I have never professed my political party but I have to admit I could lean way Republican if Elizabeth Dole runs for President. And I would love it if Dan Quayle was her Vice President. Wouldn't that be great?

Vice President is already the "Gilligan" of jobs and who better to play Gilligan but the Bob Denver of politics, Dan Quayle. "Now sit right back and you'll hear a tale, a tale of a fateful trip, It happened all in Washington, now watch his IQ slip."

Elizabeth could address the United States as the first female President something like this: "I want to thank all those who voted for me and especially the drive and assistance from my 'Little Buddy.' Of course I would like to thank my husband for his support during my campaign. And thanks too, to Viagra, because now we won't ever have to worry that he might be mistaken for a 'First Lady,' if you know what I mean!" (Winks at Sam Donaldson).
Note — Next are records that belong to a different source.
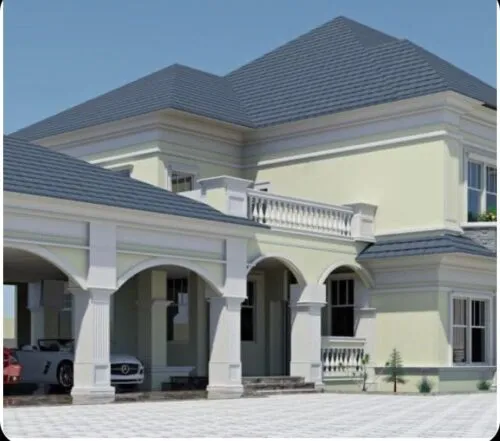 تشطيبات حديثة: أحدث الصيحات في عالم الديكور الداخلي في جدة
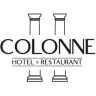 Hotel Colonne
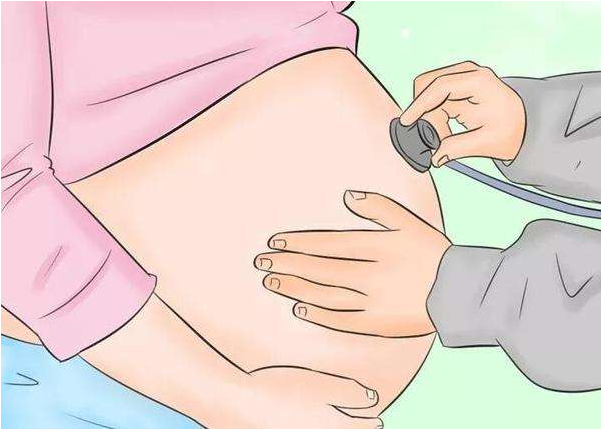 黑龙江代生在线咨询,女方有幼稚子宫，在黑龙江安达当地能做试管婴儿吗？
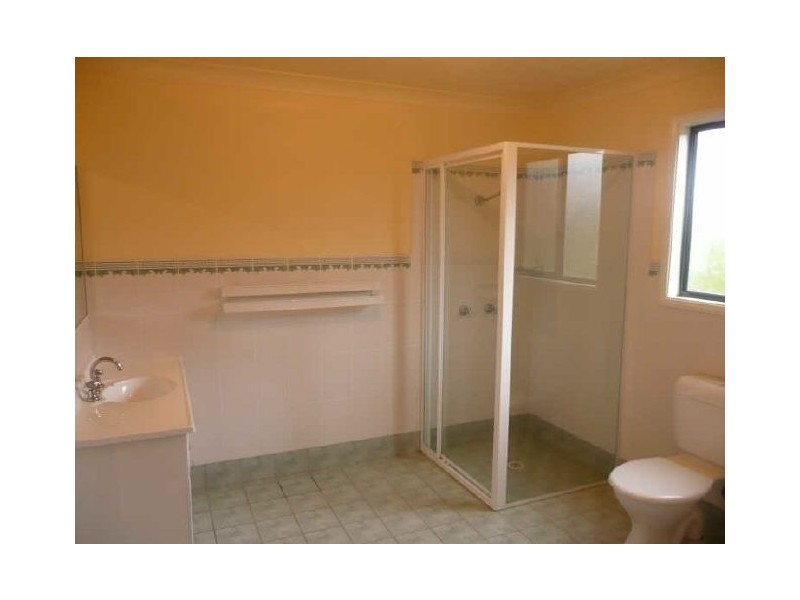 2 Elliott Place, Ulladulla NSW 2539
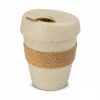 Coffee Cup Coffee Cup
This is the first time in my 28 years of living that I have gotten excited about politics. Go Elizabeth!!

In a diverse, almost Ying-Yang story, Hillary Clinton is talking about running for the New York Senate. With the impeachment yesterday's news, Hillary is now gonna slum her crass, Madonna act into whatever arena will have her. I believe in the adage, "Most people deserve each other," and does this ever fit better than Hillary and New York?

Look how similar they really are:

New York: No matter which way you turn, you can buy a Hot Dog. Hillary: Now matter which way she turns, she's still married to a wiener.
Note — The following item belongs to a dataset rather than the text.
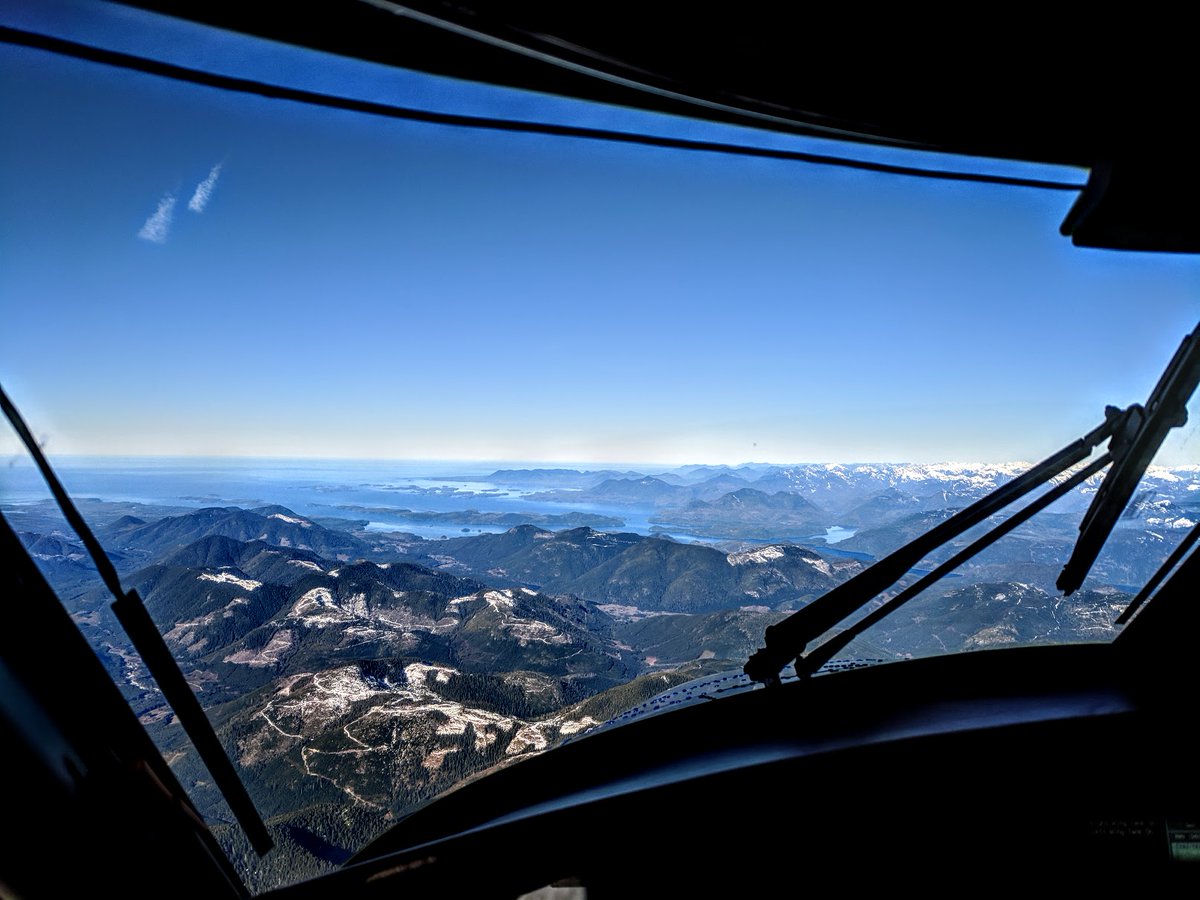 The green solution for flight training.

Training a flight crew on four-day course would put an aircraft in the sky for over sixteen hours. This would burn almost 10,000 pounds of jet fuel!

While training in the simulator can save dollars, it just makes environmental sense.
New York: "Cats!" Hillary: Cat fights!

New York: Large Lady standing in the harbor shining forth freedom. Hillary: Ego the size of Statue of Liberty.

New York: Town full of indigents who are wanted nowhere else. Hillary: (Do I need to even say it?)

New York: A great example of ethnic diversity on which our great country was built. Hillary: Now matter which way she turns, she's still married to a wiener.

To stay on the theme of women, Celine Dion announced she was going to retire for a year. I can feel the rush of air as John Tesh and Michael Bolton fill the banal vacuum. Celine said she and her considerably older husband are going to try and have a baby. Celine is so conceited she is probably going to have the child just so she can, during birth, hit that E over high C note that she has never reached.

She may take the time to study with greats like Pavarotti while her husband is studying with Tony Randall. Well, I wish her good luck and not matter what she does, she will surely be awarded a Grammy for it. And of course she will keep her mom close when the baby is born so she can welcome the child with a Grammy.

That's about it for now. But always remember, If you are feeling low just be thankful Barbara Walters didn't interview you about it.